Gideon the Ninth, Tamsyn Muir Rothdas book review RSS
4.0 Stars
9-19-2019

A neat beer and pretzels and necromancers and lesbians and spaceships story that is great fun but doesn't quite rise to the level of greatness. The story is FanFiction++; it can be tropey and fan-servicey but does so with a quality that puts it above what you might find on some random fan fiction site. So, some more details. The protagonist (Gideon) is a Korra type character; jockish, kind of a doof, enjoys fighting. She's the unhappy ward of the Ninth House, one of the nine houses of Necromancers in the Empire. Her companion/antagonist is Harrowhark, the scion of the decaying Ninth House, an ultra-goth and ultra-skilled necromancer, sort of a female Raistlin character.
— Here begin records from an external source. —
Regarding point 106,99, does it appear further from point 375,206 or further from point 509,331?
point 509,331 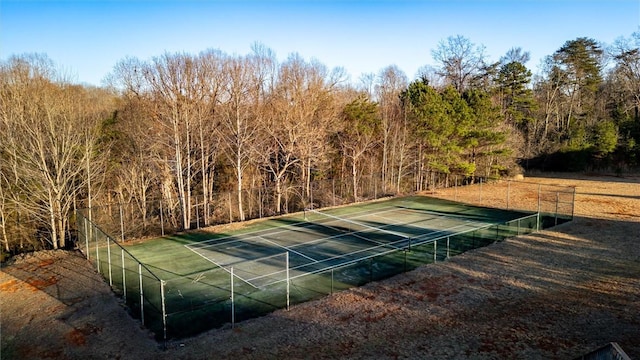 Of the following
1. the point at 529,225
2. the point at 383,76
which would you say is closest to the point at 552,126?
the point at 383,76

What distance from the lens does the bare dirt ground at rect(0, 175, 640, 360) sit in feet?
32.5

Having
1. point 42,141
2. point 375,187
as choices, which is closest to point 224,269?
point 42,141

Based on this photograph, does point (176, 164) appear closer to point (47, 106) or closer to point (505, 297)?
point (47, 106)

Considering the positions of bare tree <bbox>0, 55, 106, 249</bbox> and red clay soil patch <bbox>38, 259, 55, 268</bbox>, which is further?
bare tree <bbox>0, 55, 106, 249</bbox>

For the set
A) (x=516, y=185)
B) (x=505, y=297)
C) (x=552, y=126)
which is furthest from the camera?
(x=552, y=126)

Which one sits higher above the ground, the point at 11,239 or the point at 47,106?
the point at 47,106

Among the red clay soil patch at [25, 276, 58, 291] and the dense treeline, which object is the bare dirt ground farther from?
the dense treeline

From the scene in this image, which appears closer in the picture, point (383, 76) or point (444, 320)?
point (444, 320)

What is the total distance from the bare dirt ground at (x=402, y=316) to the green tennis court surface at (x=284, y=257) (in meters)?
0.78

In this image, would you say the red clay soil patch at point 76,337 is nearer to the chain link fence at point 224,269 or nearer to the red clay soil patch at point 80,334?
the red clay soil patch at point 80,334

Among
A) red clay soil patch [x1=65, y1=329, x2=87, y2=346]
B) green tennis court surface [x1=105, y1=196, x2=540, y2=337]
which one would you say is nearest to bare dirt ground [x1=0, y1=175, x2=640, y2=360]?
red clay soil patch [x1=65, y1=329, x2=87, y2=346]

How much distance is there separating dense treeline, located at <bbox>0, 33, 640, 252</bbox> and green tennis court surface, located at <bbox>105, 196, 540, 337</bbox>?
4.51m

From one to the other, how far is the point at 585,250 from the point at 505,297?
7.16m

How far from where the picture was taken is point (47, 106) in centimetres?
1827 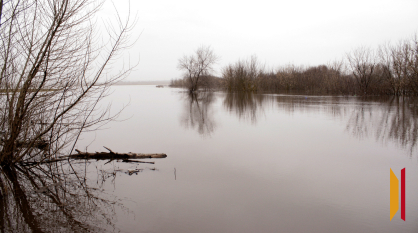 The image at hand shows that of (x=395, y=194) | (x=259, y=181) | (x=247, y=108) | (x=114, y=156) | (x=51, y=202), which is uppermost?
(x=247, y=108)

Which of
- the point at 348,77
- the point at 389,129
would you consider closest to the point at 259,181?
the point at 389,129

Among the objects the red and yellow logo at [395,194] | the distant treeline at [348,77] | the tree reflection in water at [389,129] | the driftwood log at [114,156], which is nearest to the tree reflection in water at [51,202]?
the driftwood log at [114,156]

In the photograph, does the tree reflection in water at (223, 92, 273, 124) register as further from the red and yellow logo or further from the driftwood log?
the red and yellow logo

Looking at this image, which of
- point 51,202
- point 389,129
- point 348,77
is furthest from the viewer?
point 348,77

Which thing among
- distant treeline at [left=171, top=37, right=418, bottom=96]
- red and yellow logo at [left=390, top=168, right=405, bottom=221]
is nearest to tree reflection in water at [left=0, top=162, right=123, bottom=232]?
red and yellow logo at [left=390, top=168, right=405, bottom=221]

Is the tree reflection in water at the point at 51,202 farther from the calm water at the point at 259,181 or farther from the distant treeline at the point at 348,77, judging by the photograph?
the distant treeline at the point at 348,77

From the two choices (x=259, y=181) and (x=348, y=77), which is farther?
(x=348, y=77)

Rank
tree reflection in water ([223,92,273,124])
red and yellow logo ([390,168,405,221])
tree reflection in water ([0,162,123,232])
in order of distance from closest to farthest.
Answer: tree reflection in water ([0,162,123,232])
red and yellow logo ([390,168,405,221])
tree reflection in water ([223,92,273,124])

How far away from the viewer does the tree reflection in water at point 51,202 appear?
3.26m

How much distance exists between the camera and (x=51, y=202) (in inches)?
154

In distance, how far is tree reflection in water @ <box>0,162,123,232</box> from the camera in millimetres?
3258

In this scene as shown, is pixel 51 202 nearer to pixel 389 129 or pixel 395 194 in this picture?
pixel 395 194

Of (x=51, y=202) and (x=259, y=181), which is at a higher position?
(x=51, y=202)

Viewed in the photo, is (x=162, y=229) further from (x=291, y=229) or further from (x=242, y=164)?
(x=242, y=164) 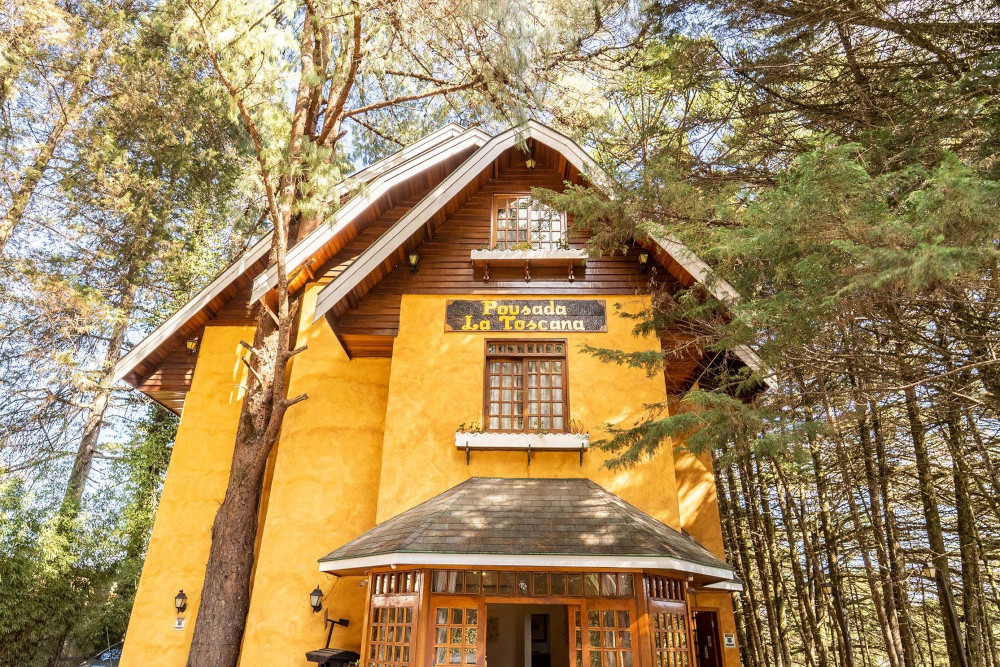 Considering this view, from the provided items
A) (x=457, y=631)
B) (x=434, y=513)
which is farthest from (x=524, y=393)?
(x=457, y=631)

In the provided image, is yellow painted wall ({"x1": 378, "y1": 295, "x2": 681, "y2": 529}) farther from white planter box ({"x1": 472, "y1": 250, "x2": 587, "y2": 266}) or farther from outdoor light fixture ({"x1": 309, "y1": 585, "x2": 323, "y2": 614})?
outdoor light fixture ({"x1": 309, "y1": 585, "x2": 323, "y2": 614})

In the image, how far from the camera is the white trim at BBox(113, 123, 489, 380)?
1079 centimetres

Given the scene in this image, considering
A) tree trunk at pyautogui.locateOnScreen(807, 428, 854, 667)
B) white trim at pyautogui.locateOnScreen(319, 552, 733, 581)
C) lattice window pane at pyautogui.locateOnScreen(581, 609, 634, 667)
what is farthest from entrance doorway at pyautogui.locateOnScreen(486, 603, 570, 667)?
white trim at pyautogui.locateOnScreen(319, 552, 733, 581)

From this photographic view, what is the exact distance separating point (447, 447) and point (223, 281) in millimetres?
5296

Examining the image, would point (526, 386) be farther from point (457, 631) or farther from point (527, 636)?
point (527, 636)

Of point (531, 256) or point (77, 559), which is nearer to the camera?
point (531, 256)

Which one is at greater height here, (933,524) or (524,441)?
(524,441)

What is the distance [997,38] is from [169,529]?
12465 mm

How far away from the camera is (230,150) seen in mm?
17203

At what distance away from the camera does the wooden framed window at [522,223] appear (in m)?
10.2

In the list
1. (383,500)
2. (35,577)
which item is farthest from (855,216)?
(35,577)

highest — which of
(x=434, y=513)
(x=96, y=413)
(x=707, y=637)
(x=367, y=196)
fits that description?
(x=367, y=196)

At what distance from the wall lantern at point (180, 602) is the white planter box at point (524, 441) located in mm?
4945

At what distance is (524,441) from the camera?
346 inches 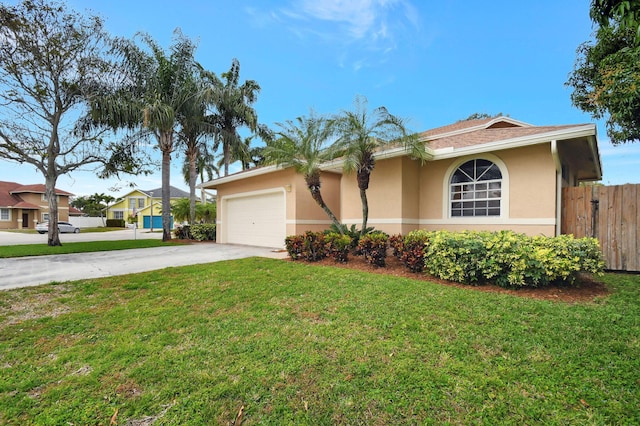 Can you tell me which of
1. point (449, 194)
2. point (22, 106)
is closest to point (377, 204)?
point (449, 194)

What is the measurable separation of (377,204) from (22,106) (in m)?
15.9

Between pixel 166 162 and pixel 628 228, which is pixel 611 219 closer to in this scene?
pixel 628 228

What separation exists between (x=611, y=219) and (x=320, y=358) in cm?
841

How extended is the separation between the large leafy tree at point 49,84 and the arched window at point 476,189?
52.9 ft

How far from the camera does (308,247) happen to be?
28.1 ft

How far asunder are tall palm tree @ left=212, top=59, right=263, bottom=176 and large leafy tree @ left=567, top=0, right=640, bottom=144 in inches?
607

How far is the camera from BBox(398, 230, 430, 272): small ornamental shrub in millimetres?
6633

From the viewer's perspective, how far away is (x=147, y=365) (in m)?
3.02

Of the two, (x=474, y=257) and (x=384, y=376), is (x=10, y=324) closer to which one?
(x=384, y=376)

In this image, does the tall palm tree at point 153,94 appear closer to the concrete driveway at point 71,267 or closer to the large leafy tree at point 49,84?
the large leafy tree at point 49,84

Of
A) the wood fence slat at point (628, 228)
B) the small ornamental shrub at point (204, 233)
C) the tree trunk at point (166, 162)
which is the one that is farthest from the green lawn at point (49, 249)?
the wood fence slat at point (628, 228)

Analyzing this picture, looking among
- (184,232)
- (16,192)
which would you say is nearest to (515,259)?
(184,232)

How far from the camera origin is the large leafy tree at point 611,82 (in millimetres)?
8805

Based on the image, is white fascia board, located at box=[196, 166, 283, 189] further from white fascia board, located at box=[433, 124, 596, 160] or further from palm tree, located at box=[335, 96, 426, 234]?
white fascia board, located at box=[433, 124, 596, 160] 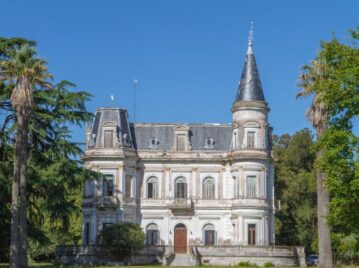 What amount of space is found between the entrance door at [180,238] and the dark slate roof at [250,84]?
11.1 meters

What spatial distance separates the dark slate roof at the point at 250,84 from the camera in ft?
197

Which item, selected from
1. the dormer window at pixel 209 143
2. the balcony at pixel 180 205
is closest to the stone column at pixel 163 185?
the balcony at pixel 180 205

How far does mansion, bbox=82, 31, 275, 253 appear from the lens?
59531 millimetres

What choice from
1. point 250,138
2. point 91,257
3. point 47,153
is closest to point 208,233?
point 250,138

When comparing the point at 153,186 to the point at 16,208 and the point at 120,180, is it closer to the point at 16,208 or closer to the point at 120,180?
the point at 120,180

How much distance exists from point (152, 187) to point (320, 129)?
2270cm

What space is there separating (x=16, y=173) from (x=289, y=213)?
3850 centimetres

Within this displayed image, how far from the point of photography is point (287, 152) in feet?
242

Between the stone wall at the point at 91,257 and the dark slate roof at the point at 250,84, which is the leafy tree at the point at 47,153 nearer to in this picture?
the stone wall at the point at 91,257

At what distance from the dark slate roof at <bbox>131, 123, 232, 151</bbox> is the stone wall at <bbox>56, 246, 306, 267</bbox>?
909cm

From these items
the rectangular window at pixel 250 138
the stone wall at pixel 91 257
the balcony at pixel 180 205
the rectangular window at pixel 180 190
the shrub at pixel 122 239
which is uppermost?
the rectangular window at pixel 250 138

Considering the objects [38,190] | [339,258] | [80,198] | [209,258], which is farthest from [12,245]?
[80,198]

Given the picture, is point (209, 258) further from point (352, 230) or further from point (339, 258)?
point (352, 230)

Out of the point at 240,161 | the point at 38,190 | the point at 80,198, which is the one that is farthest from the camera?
the point at 80,198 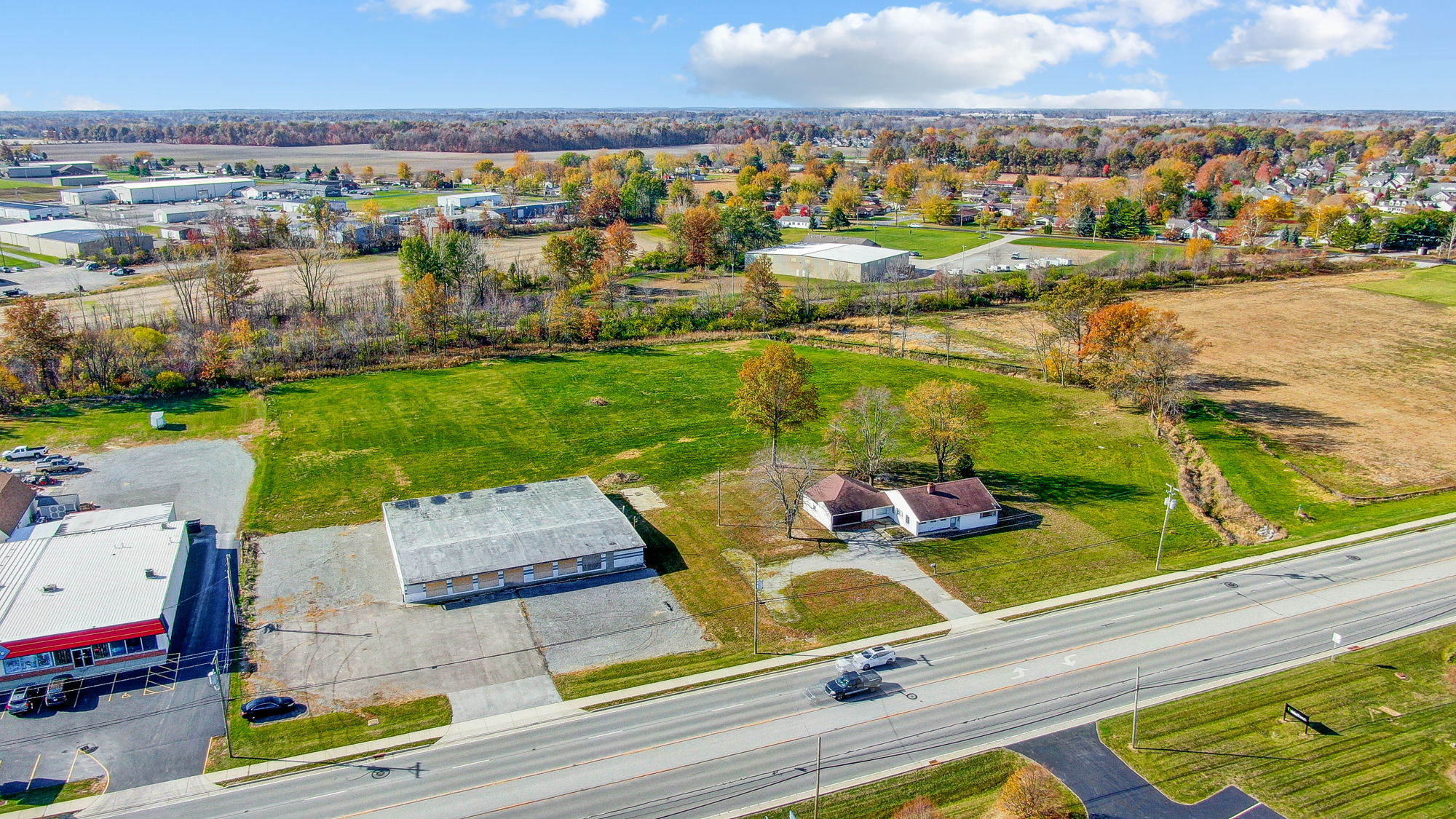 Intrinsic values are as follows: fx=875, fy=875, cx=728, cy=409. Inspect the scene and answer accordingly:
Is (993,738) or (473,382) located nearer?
(993,738)

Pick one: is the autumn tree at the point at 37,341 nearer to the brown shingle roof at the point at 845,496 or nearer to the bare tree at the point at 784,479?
the bare tree at the point at 784,479

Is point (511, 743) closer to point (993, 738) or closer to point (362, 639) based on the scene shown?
point (362, 639)

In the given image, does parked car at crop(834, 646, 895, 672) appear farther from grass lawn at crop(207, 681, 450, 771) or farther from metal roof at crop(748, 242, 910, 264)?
metal roof at crop(748, 242, 910, 264)

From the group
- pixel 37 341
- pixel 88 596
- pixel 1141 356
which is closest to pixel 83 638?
pixel 88 596

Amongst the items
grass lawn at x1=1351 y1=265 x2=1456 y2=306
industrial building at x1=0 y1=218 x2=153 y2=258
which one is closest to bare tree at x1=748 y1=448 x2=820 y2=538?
grass lawn at x1=1351 y1=265 x2=1456 y2=306

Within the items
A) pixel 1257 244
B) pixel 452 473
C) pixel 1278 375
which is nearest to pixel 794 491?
Answer: pixel 452 473

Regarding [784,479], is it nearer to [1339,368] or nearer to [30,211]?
[1339,368] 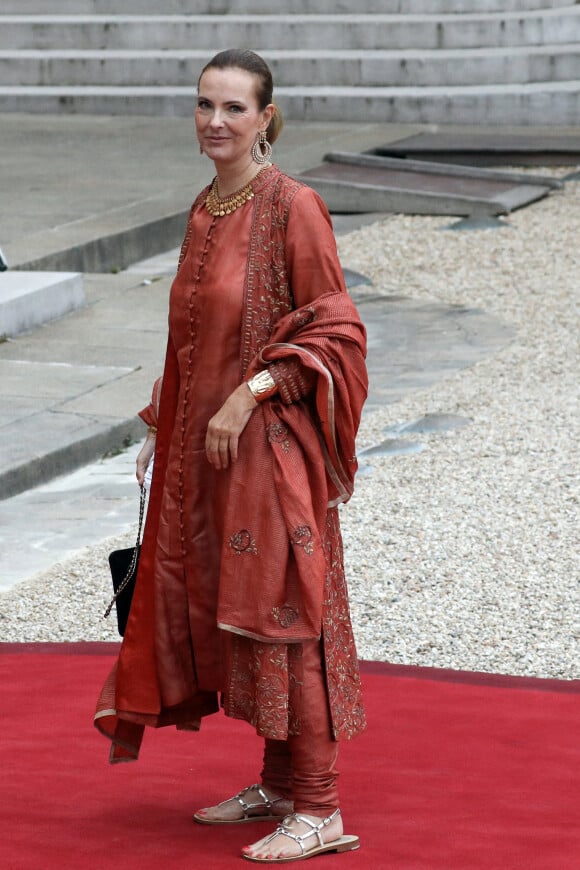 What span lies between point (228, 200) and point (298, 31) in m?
15.5

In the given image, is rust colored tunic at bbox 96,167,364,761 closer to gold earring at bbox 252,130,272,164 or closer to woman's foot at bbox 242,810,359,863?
gold earring at bbox 252,130,272,164

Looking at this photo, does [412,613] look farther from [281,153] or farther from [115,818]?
[281,153]

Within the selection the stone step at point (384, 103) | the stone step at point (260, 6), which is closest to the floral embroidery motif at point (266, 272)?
the stone step at point (384, 103)

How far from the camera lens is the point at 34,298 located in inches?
352

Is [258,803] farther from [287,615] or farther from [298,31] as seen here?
[298,31]

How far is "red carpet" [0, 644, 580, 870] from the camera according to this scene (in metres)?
3.10

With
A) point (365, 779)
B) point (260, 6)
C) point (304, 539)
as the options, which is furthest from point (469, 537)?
point (260, 6)

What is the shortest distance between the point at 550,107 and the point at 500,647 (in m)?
12.9

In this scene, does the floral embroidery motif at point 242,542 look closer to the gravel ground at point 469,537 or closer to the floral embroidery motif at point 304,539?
the floral embroidery motif at point 304,539

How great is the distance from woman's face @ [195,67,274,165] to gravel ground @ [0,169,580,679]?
2.03 metres

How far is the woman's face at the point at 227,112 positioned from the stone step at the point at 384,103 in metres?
14.2

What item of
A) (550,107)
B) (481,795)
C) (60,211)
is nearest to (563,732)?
(481,795)

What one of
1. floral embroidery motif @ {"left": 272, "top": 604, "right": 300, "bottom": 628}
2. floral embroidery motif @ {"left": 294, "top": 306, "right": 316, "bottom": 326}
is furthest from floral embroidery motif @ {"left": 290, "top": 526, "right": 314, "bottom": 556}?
floral embroidery motif @ {"left": 294, "top": 306, "right": 316, "bottom": 326}

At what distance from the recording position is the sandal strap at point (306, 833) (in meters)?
3.08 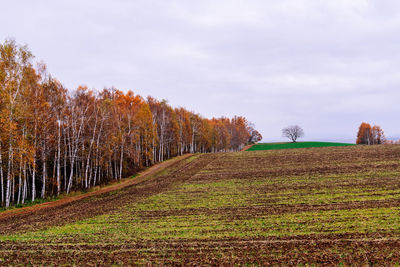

Together they've been summoned by the !Necrolord Supreme! to a special conclave, where the scions of all nine Houses and their cavaliers will be meeting. The meeting turns into an ambiguous escape room/murder mystery, where the different groups need to figure out why they have really been brought to this island complex, what lessons or secrets they are supposed to learn, whether they should be competing or cooperating on these mysteries, and how the place they have been brought to plays into the history and metaphysics of their empire. It's a great dynamic; each of the House's has its own outlook and specialized skills, and you end up with a cast of ~20 characters who are all distinct and memorable and interacting and problem solving in different ways.

So, overall the book was great fun. It did have a few issues though, which keeps me from putting this at the level of something like _Nine Fox Gambit_. One is that due to the number of characters, the primary characters didn't receive quite the level of development that I would have liked. E.g. I would have loved to see more of the interactions between Gideon and the Thirds, or Gideon and the Seventh. Instead these things are given a paragraph or three, but you don't get the fully developed and elongated and realized relationships like you would in something like _Persuasion_, where the majority of the book is focused on just one pairing. Similarly, Harrowhark's character gets short shrift. At the start of the book Harrowhark is a force of nature, and it is only near the end of the book where she starts talking more and we start peeking into her PoV. However, once you start learning more about her, she doesn't seem to have the sort of personality which would produce the actions from the first half of the book. I feel like Harrowhark should have been something like the protagonist of _The Wasp Factory_, but her actual personality once you get to know her isn't nearly fucked up enough. Finally and most nigglingly, it wasn't entirely clear how some of the magic/necromancy aspects of the story functioned. E.g. 90% of the way through the story, someone gets a Hold Person spell cast on them, but it was not clear like on what basis the spell is working. And I feel like I should have understood that, as well as some of the larger metaphysical aspects of the story, better. I'm not sure if that's a failure to comprehend on my part or a failure to explain/design things on the author's part.